§ **EXERCISE DETAILS**
Each entry below must be given again word for word, with no pictures.

(SUPPLIED DATA)

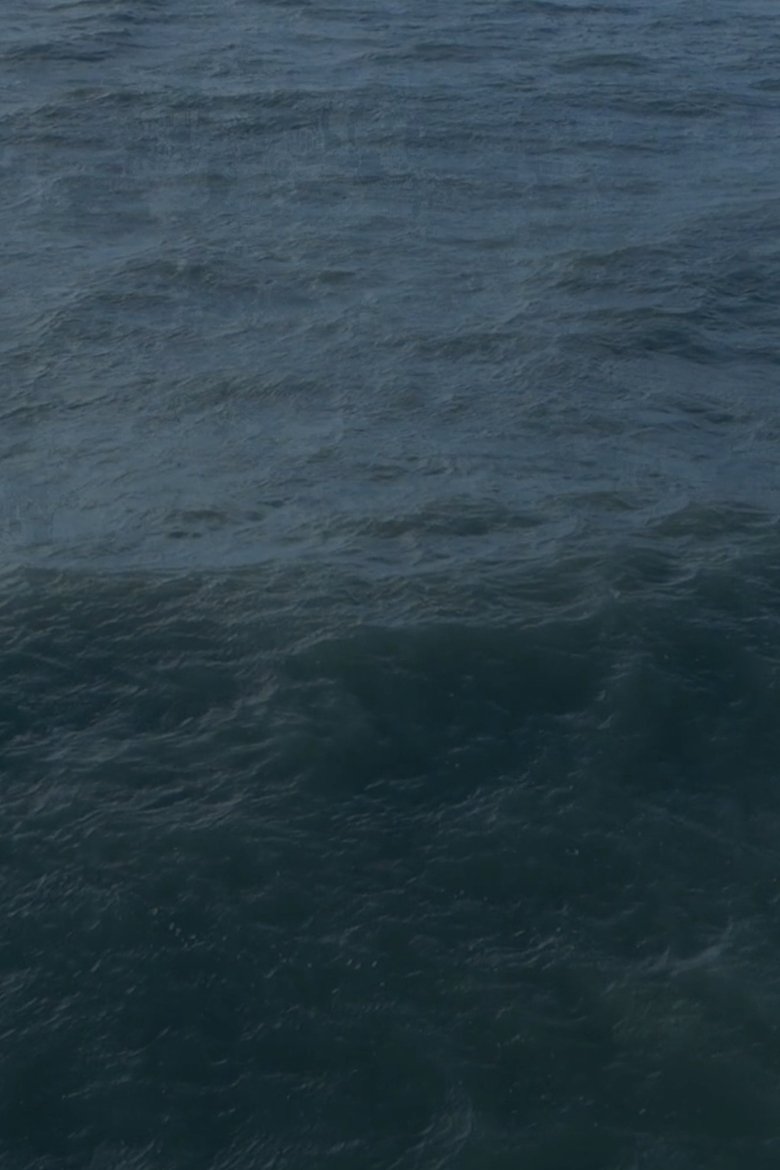 Poster of Twenty Nine Minutes at Sea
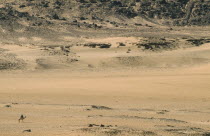Rider on camel in desert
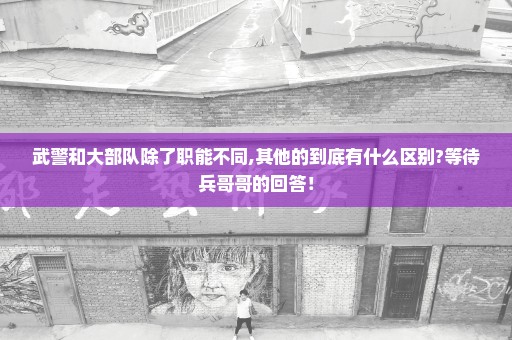 武警和大部队除了职能不同,其他的到底有什么区别?等待兵哥哥的回答！
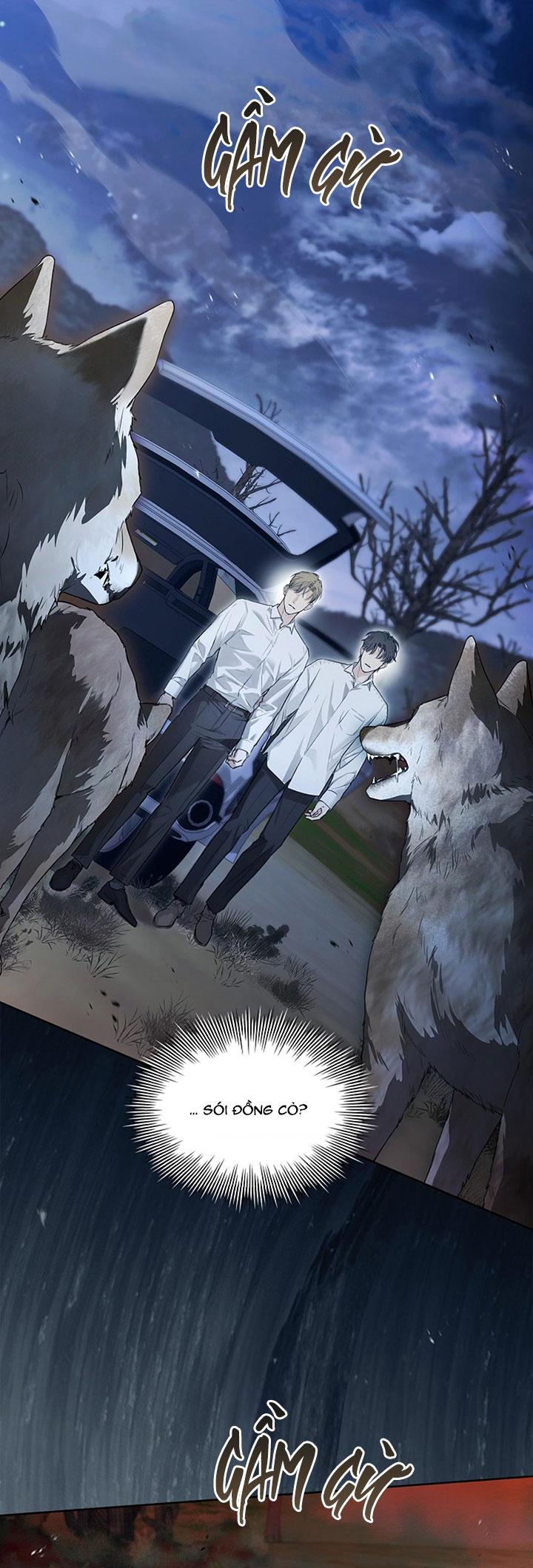 HÔN TÔI NẾU CÓ THỂ Chapter 22 - Trang 3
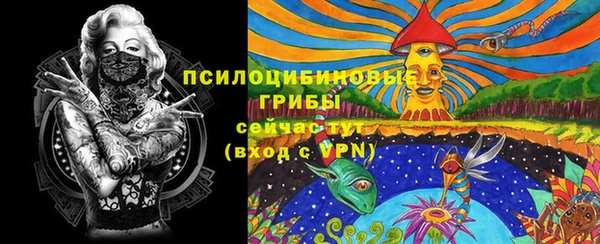 ГАЛЛЮЦИНОГЕННЫЕ ГРИБЫ Алексеевка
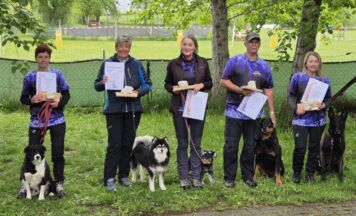 Erfolge für Bad Ischler Hundesportler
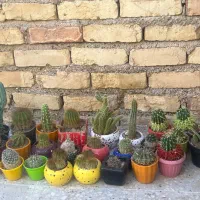 انواع کاکتوس نژادی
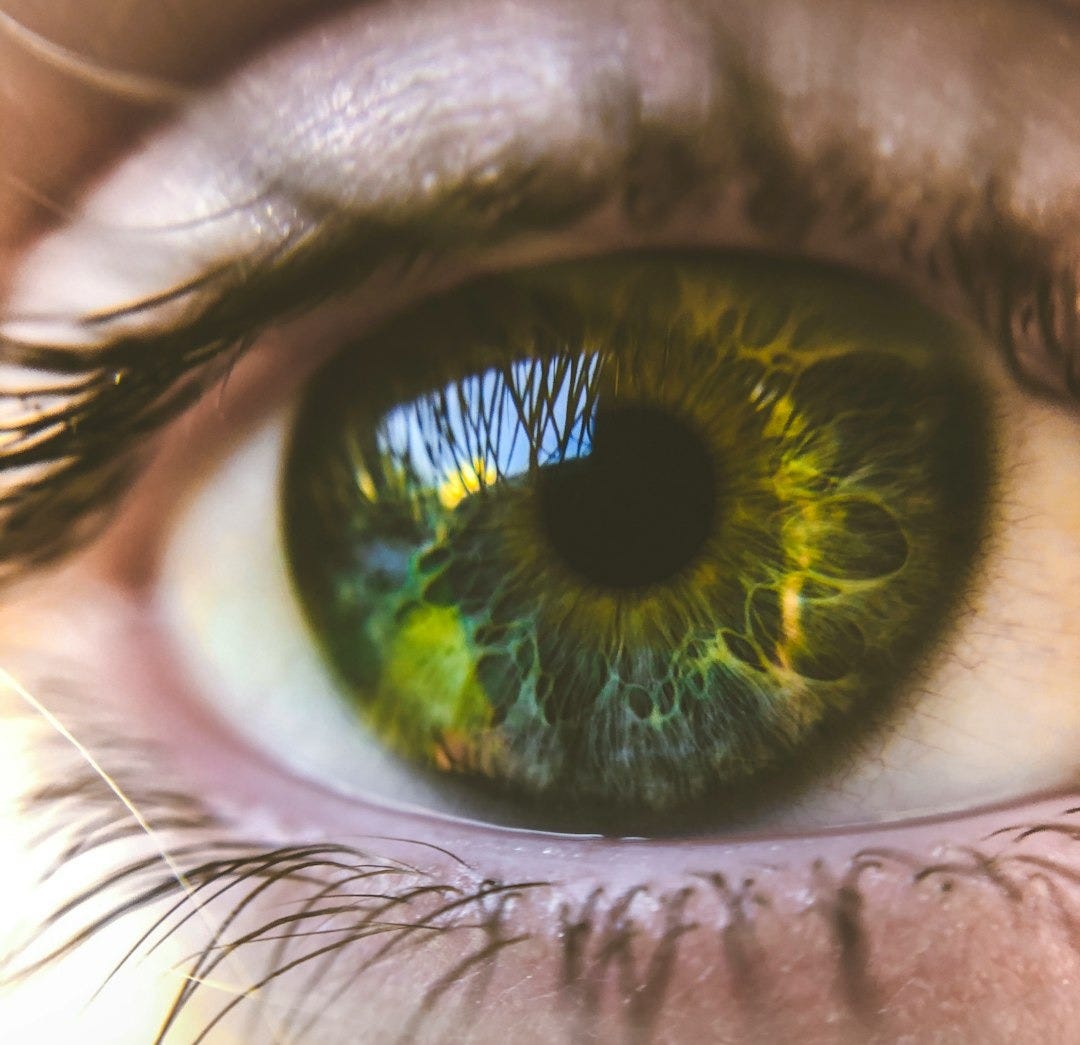 a close up of a person's green eye a close up of a person's green eye
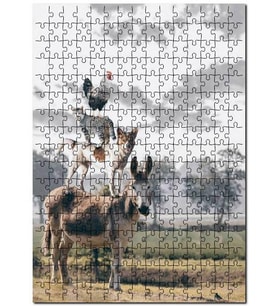 Cakapuzzle Bremen Mızıkacıları ve Bulutlu Gökler Puzzle Yapboz MDF (Ahşap) (1000 Parça)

(End SUPPLIED DATA)

§ **SOLUTION TO THIS PROBLEM**
 Poster of Twenty Nine Minutes at Sea
Rider on camel in desert
 武警和大部队除了职能不同,其他的到底有什么区别?等待兵哥哥的回答！
 HÔN TÔI NẾU CÓ THỂ Chapter 22 - Trang 3
 ГАЛЛЮЦИНОГЕННЫЕ ГРИБЫ Алексеевка
 Erfolge für Bad Ischler Hundesportler
 انواع کاکتوس نژادی
 a close up of a person's green eye a close up of a person's green eye
 Cakapuzzle Bremen Mızıkacıları ve Bulutlu Gökler Puzzle Yapboz MDF (Ahşap) (1000 Parça)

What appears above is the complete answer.